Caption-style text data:
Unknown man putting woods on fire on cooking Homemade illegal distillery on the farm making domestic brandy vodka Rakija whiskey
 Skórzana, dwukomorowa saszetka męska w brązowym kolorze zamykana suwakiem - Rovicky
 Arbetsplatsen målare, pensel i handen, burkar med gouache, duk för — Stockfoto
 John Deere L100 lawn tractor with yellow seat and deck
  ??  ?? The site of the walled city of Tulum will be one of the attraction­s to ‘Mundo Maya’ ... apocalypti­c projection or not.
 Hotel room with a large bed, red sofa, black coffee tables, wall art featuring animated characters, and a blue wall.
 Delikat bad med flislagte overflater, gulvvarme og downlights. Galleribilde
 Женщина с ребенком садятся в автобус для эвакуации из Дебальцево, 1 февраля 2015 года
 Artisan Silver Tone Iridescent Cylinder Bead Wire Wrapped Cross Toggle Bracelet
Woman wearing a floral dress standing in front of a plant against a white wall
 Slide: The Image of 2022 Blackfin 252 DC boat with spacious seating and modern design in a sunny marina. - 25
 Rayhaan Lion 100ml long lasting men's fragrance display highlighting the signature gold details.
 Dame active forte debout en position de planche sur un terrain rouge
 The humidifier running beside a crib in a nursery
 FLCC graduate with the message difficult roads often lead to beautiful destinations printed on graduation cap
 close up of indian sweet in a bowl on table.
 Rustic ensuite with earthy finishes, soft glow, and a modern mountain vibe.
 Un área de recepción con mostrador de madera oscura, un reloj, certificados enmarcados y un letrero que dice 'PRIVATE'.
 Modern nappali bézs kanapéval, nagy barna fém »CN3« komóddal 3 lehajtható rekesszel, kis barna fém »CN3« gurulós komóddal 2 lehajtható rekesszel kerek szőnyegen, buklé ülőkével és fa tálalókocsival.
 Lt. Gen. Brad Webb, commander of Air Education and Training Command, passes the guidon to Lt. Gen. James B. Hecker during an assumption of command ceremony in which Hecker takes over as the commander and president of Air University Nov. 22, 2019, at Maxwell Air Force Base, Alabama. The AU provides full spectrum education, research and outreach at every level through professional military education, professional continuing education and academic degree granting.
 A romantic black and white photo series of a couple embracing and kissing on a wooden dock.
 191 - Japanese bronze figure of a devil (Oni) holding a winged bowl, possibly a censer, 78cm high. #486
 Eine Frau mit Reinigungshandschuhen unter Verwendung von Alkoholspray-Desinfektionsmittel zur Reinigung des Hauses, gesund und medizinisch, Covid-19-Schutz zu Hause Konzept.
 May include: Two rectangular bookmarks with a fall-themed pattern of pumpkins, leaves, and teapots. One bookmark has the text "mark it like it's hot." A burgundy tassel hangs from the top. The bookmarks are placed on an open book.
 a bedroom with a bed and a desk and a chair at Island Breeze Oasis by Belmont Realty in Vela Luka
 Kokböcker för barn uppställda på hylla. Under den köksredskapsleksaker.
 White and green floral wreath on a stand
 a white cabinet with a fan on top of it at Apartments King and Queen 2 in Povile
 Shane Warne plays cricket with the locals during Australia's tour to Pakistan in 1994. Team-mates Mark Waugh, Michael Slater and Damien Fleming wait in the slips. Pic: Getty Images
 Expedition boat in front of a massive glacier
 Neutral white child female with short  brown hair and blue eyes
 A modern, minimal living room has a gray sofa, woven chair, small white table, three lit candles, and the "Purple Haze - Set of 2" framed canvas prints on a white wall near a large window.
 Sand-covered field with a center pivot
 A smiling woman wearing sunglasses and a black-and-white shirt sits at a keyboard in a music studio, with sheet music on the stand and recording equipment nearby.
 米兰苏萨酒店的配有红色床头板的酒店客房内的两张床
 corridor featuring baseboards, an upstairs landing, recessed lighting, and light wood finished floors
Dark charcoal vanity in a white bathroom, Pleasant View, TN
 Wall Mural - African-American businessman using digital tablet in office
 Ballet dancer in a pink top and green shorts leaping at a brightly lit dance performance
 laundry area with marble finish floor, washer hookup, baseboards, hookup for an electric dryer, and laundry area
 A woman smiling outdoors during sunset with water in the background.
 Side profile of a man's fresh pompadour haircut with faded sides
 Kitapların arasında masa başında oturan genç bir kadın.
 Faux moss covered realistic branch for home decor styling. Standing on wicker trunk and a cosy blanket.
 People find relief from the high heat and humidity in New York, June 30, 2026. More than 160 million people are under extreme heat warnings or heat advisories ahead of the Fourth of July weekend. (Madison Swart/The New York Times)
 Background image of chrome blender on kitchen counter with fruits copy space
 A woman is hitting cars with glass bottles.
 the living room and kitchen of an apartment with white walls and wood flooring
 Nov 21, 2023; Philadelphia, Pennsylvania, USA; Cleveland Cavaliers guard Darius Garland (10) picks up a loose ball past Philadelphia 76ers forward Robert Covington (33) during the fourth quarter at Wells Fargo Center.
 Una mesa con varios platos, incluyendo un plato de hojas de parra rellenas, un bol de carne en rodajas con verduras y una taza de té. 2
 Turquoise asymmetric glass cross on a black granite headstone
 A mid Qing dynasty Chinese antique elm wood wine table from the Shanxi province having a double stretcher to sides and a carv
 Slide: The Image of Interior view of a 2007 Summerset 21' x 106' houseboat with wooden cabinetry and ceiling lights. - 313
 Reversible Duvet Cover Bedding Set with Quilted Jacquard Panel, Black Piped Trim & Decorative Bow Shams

[TASK ITEM]
Output the entire data exactly, line for line.

[RESULT BELOW]
Unknown man putting woods on fire on cooking Homemade illegal distillery on the farm making domestic brandy vodka Rakija whiskey
 Skórzana, dwukomorowa saszetka męska w brązowym kolorze zamykana suwakiem - Rovicky
 Arbetsplatsen målare, pensel i handen, burkar med gouache, duk för — Stockfoto
 John Deere L100 lawn tractor with yellow seat and deck
  ??  ?? The site of the walled city of Tulum will be one of the attraction­s to ‘Mundo Maya’ ... apocalypti­c projection or not.
 Hotel room with a large bed, red sofa, black coffee tables, wall art featuring animated characters, and a blue wall.
 Delikat bad med flislagte overflater, gulvvarme og downlights. Galleribilde
 Женщина с ребенком садятся в автобус для эвакуации из Дебальцево, 1 февраля 2015 года
 Artisan Silver Tone Iridescent Cylinder Bead Wire Wrapped Cross Toggle Bracelet
Woman wearing a floral dress standing in front of a plant against a white wall
 Slide: The Image of 2022 Blackfin 252 DC boat with spacious seating and modern design in a sunny marina. - 25
 Rayhaan Lion 100ml long lasting men's fragrance display highlighting the signature gold details.
 Dame active forte debout en position de planche sur un terrain rouge
 The humidifier running beside a crib in a nursery
 FLCC graduate with the message difficult roads often lead to beautiful destinations printed on graduation cap
 close up of indian sweet in a bowl on table.
 Rustic ensuite with earthy finishes, soft glow, and a modern mountain vibe.
 Un área de recepción con mostrador de madera oscura, un reloj, certificados enmarcados y un letrero que dice 'PRIVATE'.
 Modern nappali bézs kanapéval, nagy barna fém »CN3« komóddal 3 lehajtható rekesszel, kis barna fém »CN3« gurulós komóddal 2 lehajtható rekesszel kerek szőnyegen, buklé ülőkével és fa tálalókocsival.
 Lt. Gen. Brad Webb, commander of Air Education and Training Command, passes the guidon to Lt. Gen. James B. Hecker during an assumption of command ceremony in which Hecker takes over as the commander and president of Air University Nov. 22, 2019, at Maxwell Air Force Base, Alabama. The AU provides full spectrum education, research and outreach at every level through professional military education, professional continuing education and academic degree granting.
 A romantic black and white photo series of a couple embracing and kissing on a wooden dock.
 191 - Japanese bronze figure of a devil (Oni) holding a winged bowl, possibly a censer, 78cm high. #486
 Eine Frau mit Reinigungshandschuhen unter Verwendung von Alkoholspray-Desinfektionsmittel zur Reinigung des Hauses, gesund und medizinisch, Covid-19-Schutz zu Hause Konzept.
 May include: Two rectangular bookmarks with a fall-themed pattern of pumpkins, leaves, and teapots. One bookmark has the text "mark it like it's hot." A burgundy tassel hangs from the top. The bookmarks are placed on an open book.
 a bedroom with a bed and a desk and a chair at Island Breeze Oasis by Belmont Realty in Vela Luka
 Kokböcker för barn uppställda på hylla. Under den köksredskapsleksaker.
 White and green floral wreath on a stand
 a white cabinet with a fan on top of it at Apartments King and Queen 2 in Povile
 Shane Warne plays cricket with the locals during Australia's tour to Pakistan in 1994. Team-mates Mark Waugh, Michael Slater and Damien Fleming wait in the slips. Pic: Getty Images
 Expedition boat in front of a massive glacier
 Neutral white child female with short  brown hair and blue eyes
 A modern, minimal living room has a gray sofa, woven chair, small white table, three lit candles, and the "Purple Haze - Set of 2" framed canvas prints on a white wall near a large window.
 Sand-covered field with a center pivot
 A smiling woman wearing sunglasses and a black-and-white shirt sits at a keyboard in a music studio, with sheet music on the stand and recording equipment nearby.
 米兰苏萨酒店的配有红色床头板的酒店客房内的两张床
 corridor featuring baseboards, an upstairs landing, recessed lighting, and light wood finished floors
Dark charcoal vanity in a white bathroom, Pleasant View, TN
 Wall Mural - African-American businessman using digital tablet in office
 Ballet dancer in a pink top and green shorts leaping at a brightly lit dance performance
 laundry area with marble finish floor, washer hookup, baseboards, hookup for an electric dryer, and laundry area
 A woman smiling outdoors during sunset with water in the background.
 Side profile of a man's fresh pompadour haircut with faded sides
 Kitapların arasında masa başında oturan genç bir kadın.
 Faux moss covered realistic branch for home decor styling. Standing on wicker trunk and a cosy blanket.
 People find relief from the high heat and humidity in New York, June 30, 2026. More than 160 million people are under extreme heat warnings or heat advisories ahead of the Fourth of July weekend. (Madison Swart/The New York Times)
 Background image of chrome blender on kitchen counter with fruits copy space
 A woman is hitting cars with glass bottles.
 the living room and kitchen of an apartment with white walls and wood flooring
 Nov 21, 2023; Philadelphia, Pennsylvania, USA; Cleveland Cavaliers guard Darius Garland (10) picks up a loose ball past Philadelphia 76ers forward Robert Covington (33) during the fourth quarter at Wells Fargo Center.
 Una mesa con varios platos, incluyendo un plato de hojas de parra rellenas, un bol de carne en rodajas con verduras y una taza de té. 2
 Turquoise asymmetric glass cross on a black granite headstone
 A mid Qing dynasty Chinese antique elm wood wine table from the Shanxi province having a double stretcher to sides and a carv
 Slide: The Image of Interior view of a 2007 Summerset 21' x 106' houseboat with wooden cabinetry and ceiling lights. - 313
 Reversible Duvet Cover Bedding Set with Quilted Jacquard Panel, Black Piped Trim & Decorative Bow Shams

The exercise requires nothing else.